Watch: Rohingya Migrant Boat Accepted in Indonesian Waters
Malaysia Prime Minister Najib Razak on Friday also ordered the Royal Malaysian Navy and Maritime Enforcement Agency to "conduct search and rescue efforts for Rohingya boats," according to a Facebook post, which stressed "We have to prevent the loss of life."
Malaysian Foreign Minister Anifah Aman and Indonesian Foreign Minister Retno Marsudi will discuss the meeting Thursday with Myanmar officials in Myanmar's capital, Naypyidaw. A broader regional summit is set to be held next Friday.
The U.S. State Department welcomed the governments' decision to "uphold their responsibilities under international law," according to spokeswoman Marie Harf. She also said Washington will help the U.N. set up protection centers and consider requests to resettle some of the refugees.
"The U.S. stands ready to help the countries of the region bear the burden and save lives today. We have a common obligation to answer the call of these migrants who have risked their lives at sea," Harf said Wednesday at a regular briefing in Washington.
Thailand takes action
The migrant crisis intensified earlier this month when Thailand disrupted longstanding human trafficking networks that targeted Rohingya. The people smugglers fled, leaving thousands of boat people adrift at sea.
The governments of Malaysia, Indonesia and Thailand were strongly criticized for initially pushing back the boats of refugees. The governments were fearful their shores would be flooded with impoverished migrants if the boat people were allowed to disembark.
Myanmar also has received international criticism for its role in the crisis. The predominantly Buddhist country denies citizenship and many other basic human rights to the mainly Muslim Rohingya group.
The stateless group's fate has worsened since an outbreak of religious violence in 2013, which left over 200 Rohingya dead.
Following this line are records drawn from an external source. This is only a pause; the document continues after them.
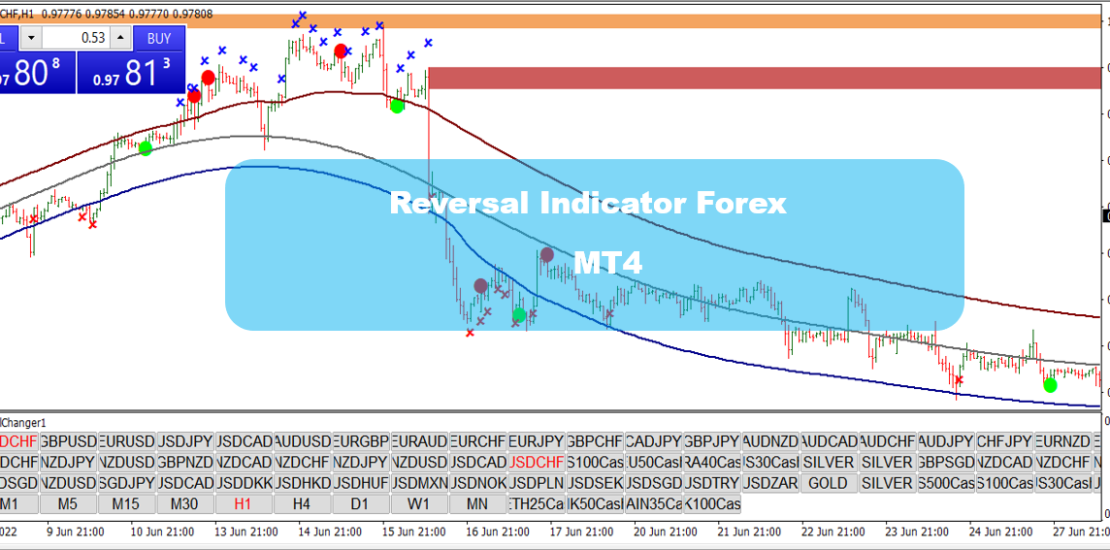 Reversal Indicator Forex MT4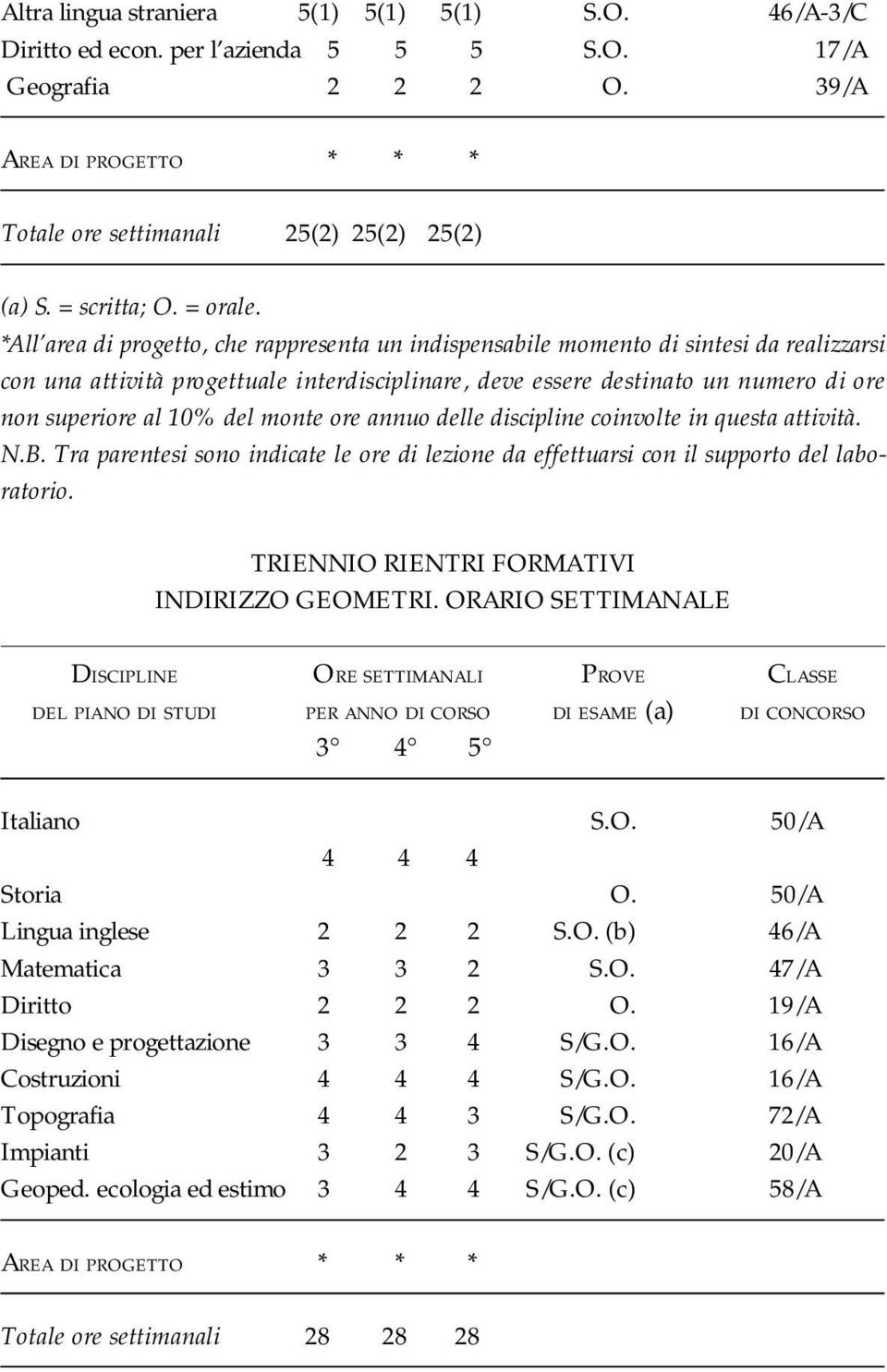 *All area di progetto, che rappresenta un indispensabile momento di sintesi da realizzarsi con una attività progettuale interdisciplinare, deve essere destinato un numero di ore non superiore al 10%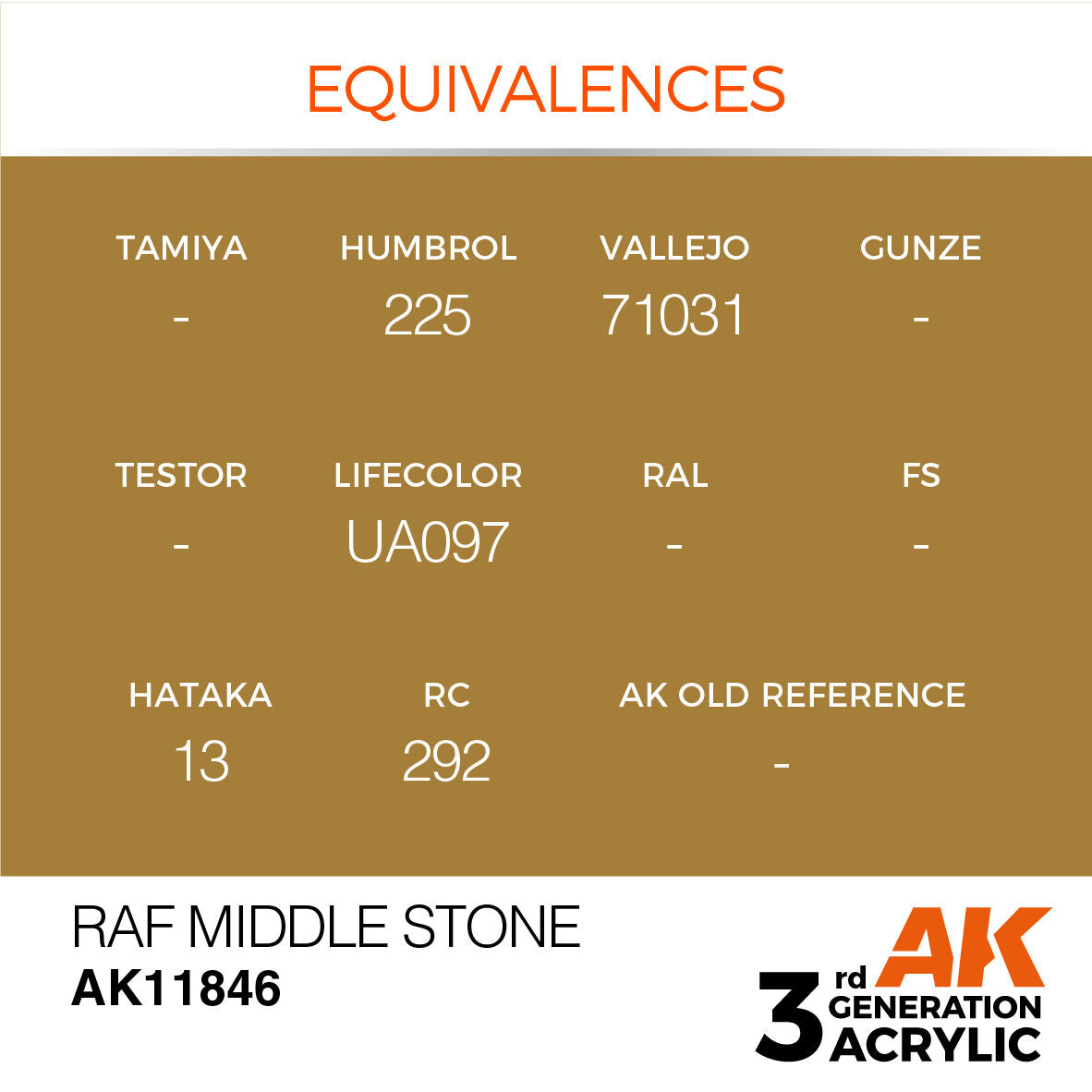 AK Interactive Air Series: RAF Middle Stone Acrylic Paint 17ml 3rd Generation AK Interactive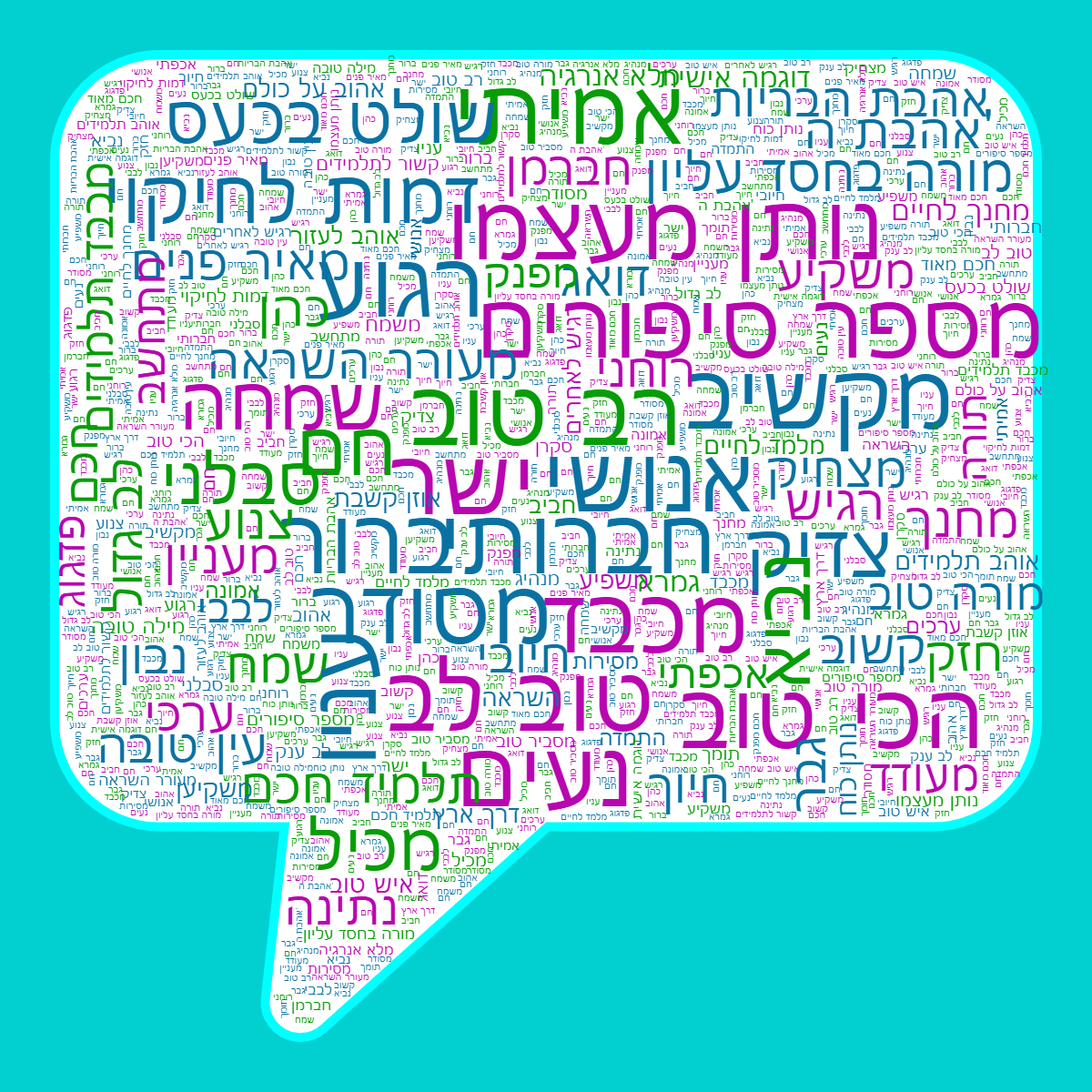 Word cloud in a Speech Bubble shape with 92 words like רב טוב, שמח and טוב לב in multicolor.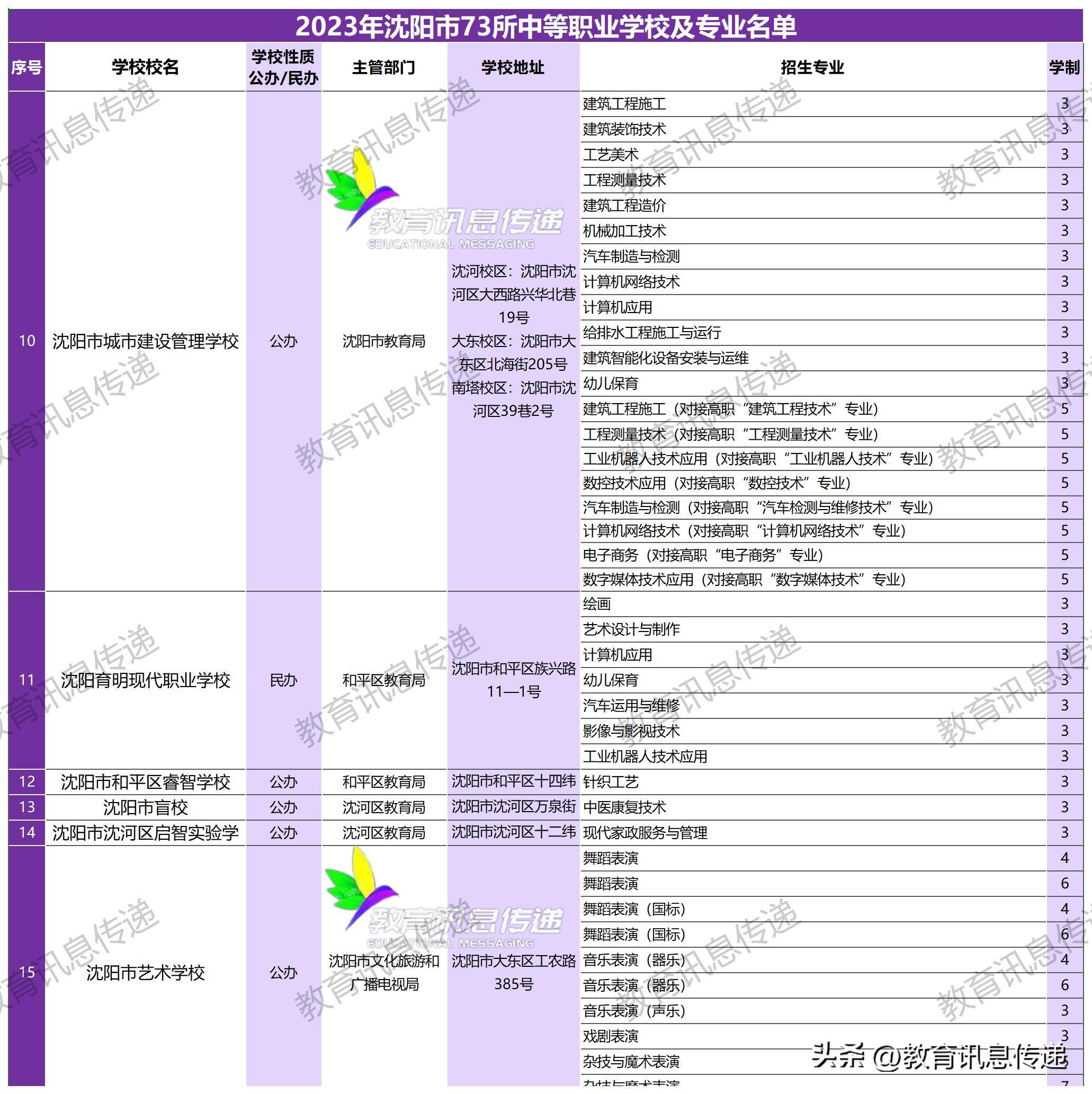 沈阳市装备制造工程学校（2023年沈阳市中等职业学校及专业名单）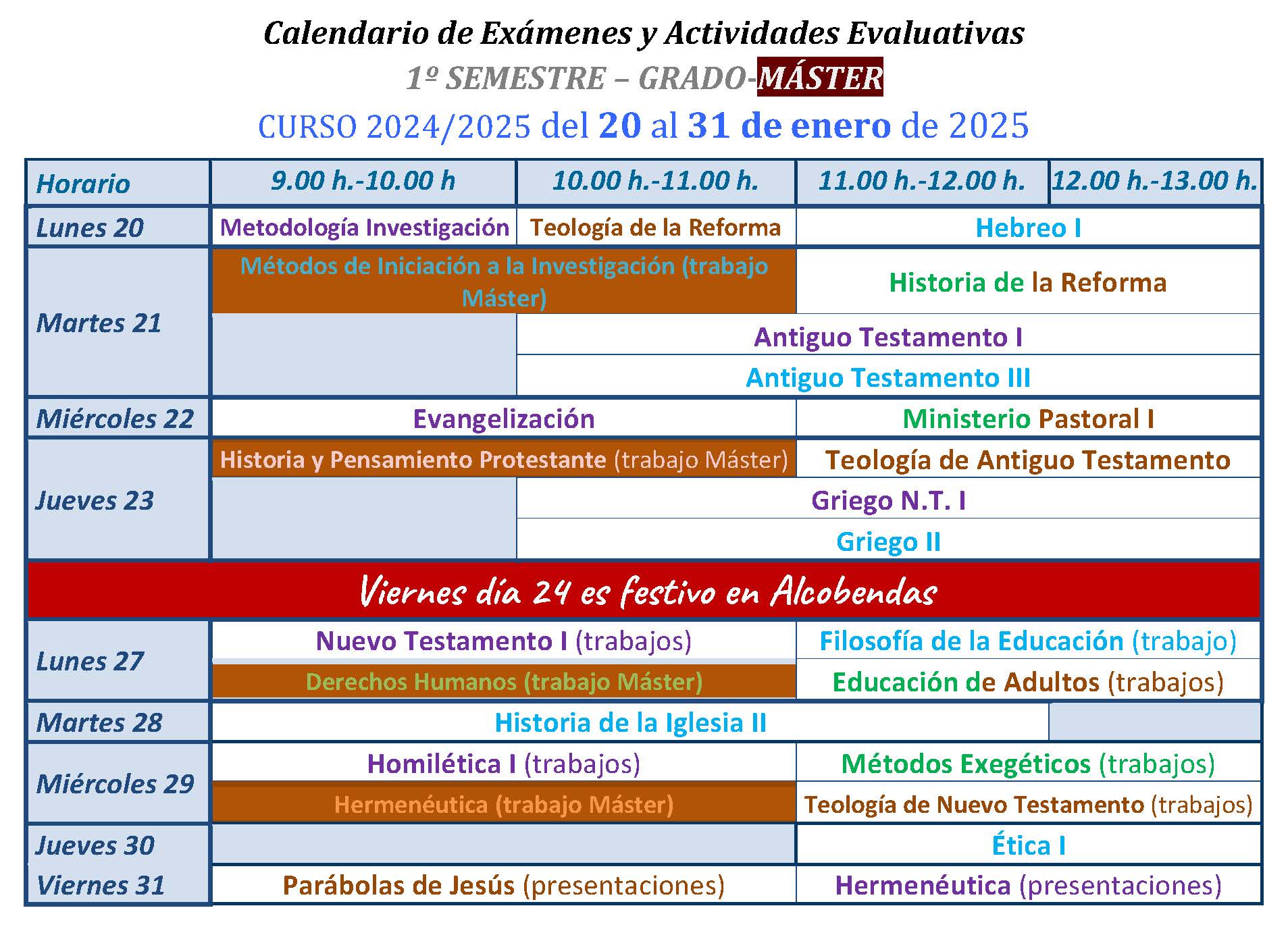 PERIODO de EXÁMENES. 1er SEMESTRE 1ª CONVOCATORIA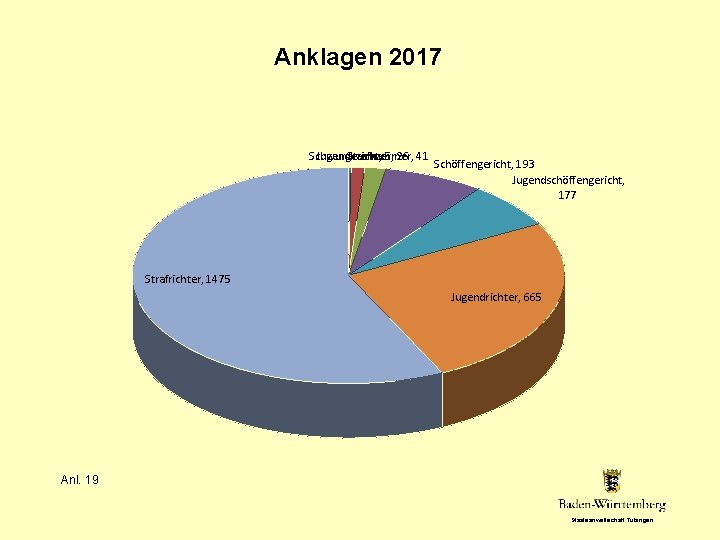 Anklagen 2017 Schwurgericht, Jugendkammer, Strafkammer, 5 26 41 Schöffengericht, 193 Jugendschöffengericht, 177 Strafrichter, 1475
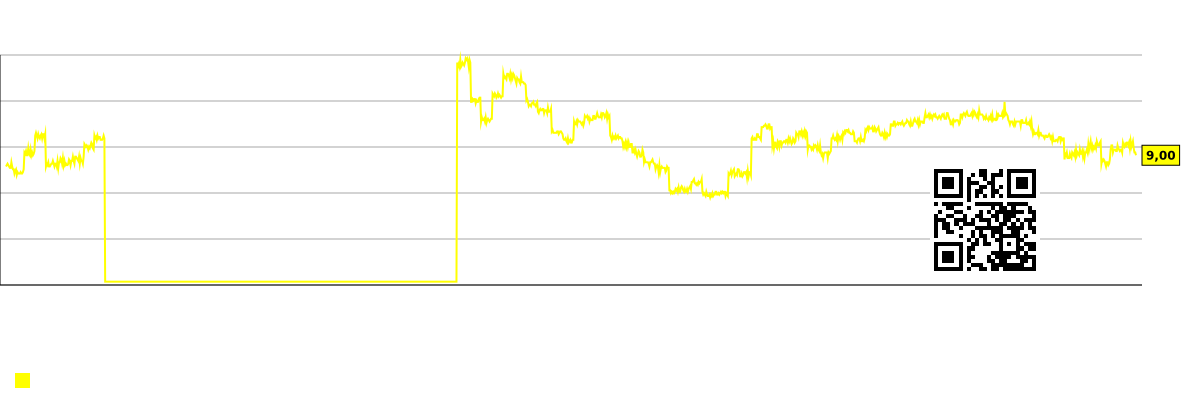 مخطط الأسهم القصيرة للشركة Boot Barn Holdings (BOOT)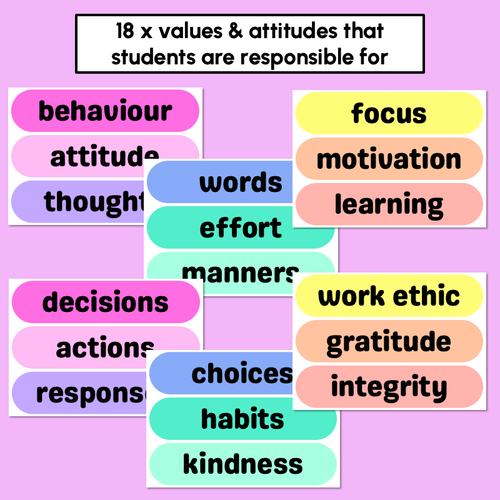 Resource preview 2 for Meet the Person Responsible For... Rainbow Display - Classroom Values & Attitudes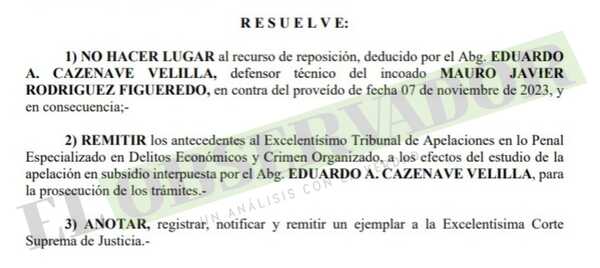 Caso Mercat: Rechazan reposición de abogado que renunció poco antes de preliminar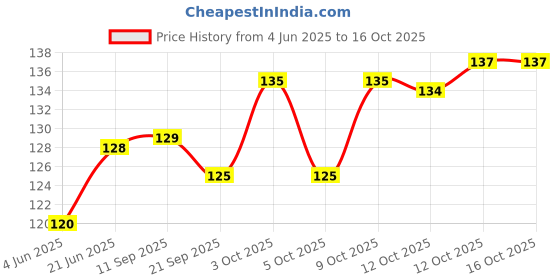 flipkart.com hurrio Plastic Fawkes Mask Anonymous VIP Edition Face-Mask Perfect Fit Cosplay Protest Party Mask hurrio Price History Graph from 4 Jun 2025 to 16 Oct 2025
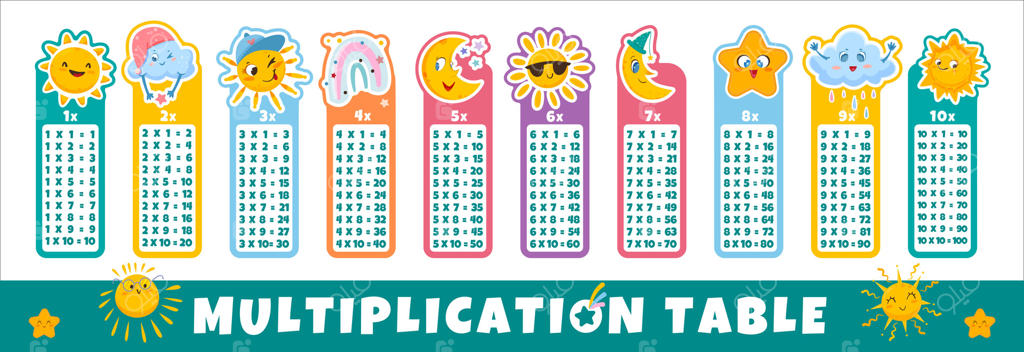 جدول ضرب فلت کودکانه با کاراکترهای آب و هوایی؛ نشانگر کتاب و برچسب‌های قابل چاپ با طرح خورشید و ماه بامزه، باران، ستاره خندان و رنگین‌کمان برای آموزش و یادگیری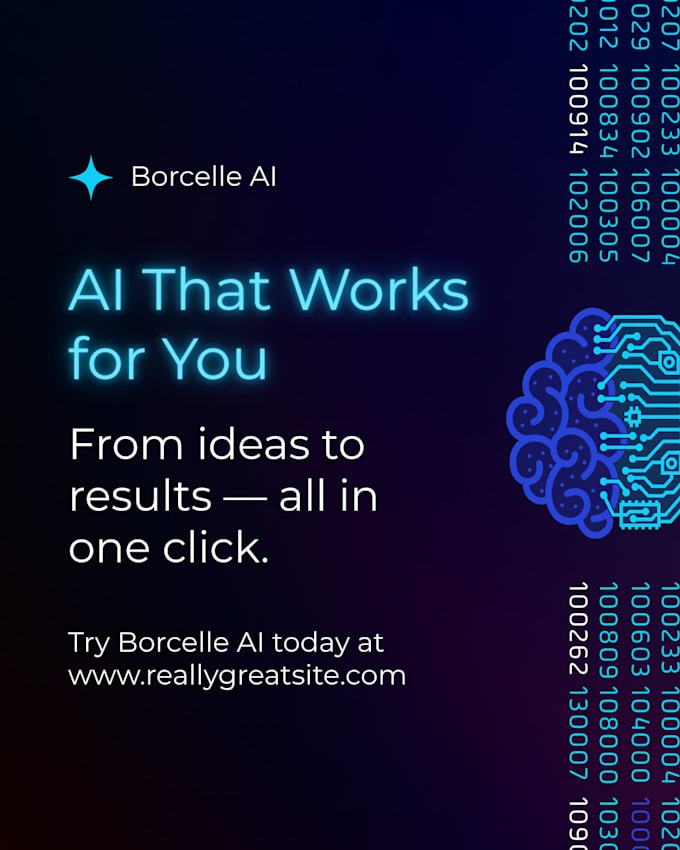 build n8n based ai agent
Since then, tens of thousands of Rohingya have been forced to live in filthy, overcrowded, prison-like camps in western Rakhine state.
Myanmar, also known as Burma, refrains from even referring to members of the group as Rohingya. Instead, it insists on calling them "Bengalis," and views them as illegal immigrants from neighboring Bangladesh.
The U.N. has repeatedly called for Myanmar to provide full citizenship and other rights to the Rohingya. Its statement on Tuesday called for efforts to be redoubled to "address 'push factors' and the root causes of refugee and migrant flows, including discrimination, deprivation, persecution and violations of human rights."